I have an Supermicro X10Dri-T motherboard with 11.1 installed. Sometimes my boot gets stuck as shown below. If I do a reboot, it boots up fine. Any idea how to solve this?


----------



## IPTRACE (Aug 5, 2017)

Try the following.
"have just disabled "Processor C3" (ACPI C2/C3) option in BIOS"
https://bugs.freenas.org/issues/4024

Hopefully will help.


----------



## Terry_Kennedy (Aug 5, 2017)

trumee said:


> I have an Supermicro X10Dri-T motherboard with 11.1 installed. Sometimes my boot gets stuck as shown below. If I do a reboot, it boots up fine. Any idea how to solve this?


Was this system booting successfully with an older version of FreeBSD (11.0 or 10.3) or is it a new installation? If things used to work, this may be related to the new EARLY_AP_STARTUP kernel option. You could try building / booting a kernel without that option. If it is a new install, that could also be the problem, but it is more difficult to be sure as we don't have a working baseline to compare to.

Also, make sure your BIOS and IPMI firmware are up-to-date. At present, it looks like the latest BIOS is 5.05 from June 5th, 2017 and the latest IPMI is 3.58 from June 9th, 2017.
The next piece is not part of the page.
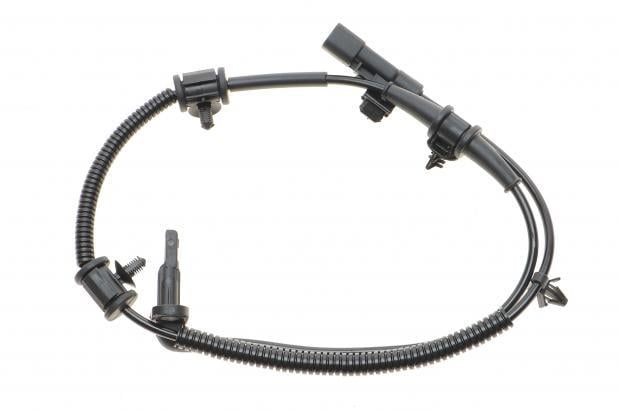 Датчик DELPHI ABS передний Opel Astra J/Chevrolet Cruze 09 (SS20251)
If neither of those help, try doing a verbose boot (at the loader menu) and see if it hangs consistently in one place (when it fails to boot completely). This is often not as helpful as it seems, as many boot issues have actually happened earlier in the boot process and only show up at some point later on in the boot.


----------



## trumee (Aug 6, 2017)

Terry_Kennedy said:


> Was this system booting successfully with an older version of FreeBSD (11.0 or 10.3) or is it a new installation? If things used to work, this may be related to the new EARLY_AP_STARTUP kernel option. You could try building / booting a kernel without that option. If it is a new install, that could also be the problem, but it is more difficult to be sure as we don't have a working baseline to compare to.
> 
> Also, make sure your BIOS and IPMI firmware are up-to-date. At present, it looks like the latest BIOS is 5.05 from June 5th, 2017 and the latest IPMI is 3.58 from June 9th, 2017.
> 
> If neither of those help, try doing a verbose boot (at the loader menu) and see if it hangs consistently in one place (when it fails to boot completely). This is often not as helpful as it seems, as many boot issues have actually happened earlier in the boot process and only show up at some point later on in the boot.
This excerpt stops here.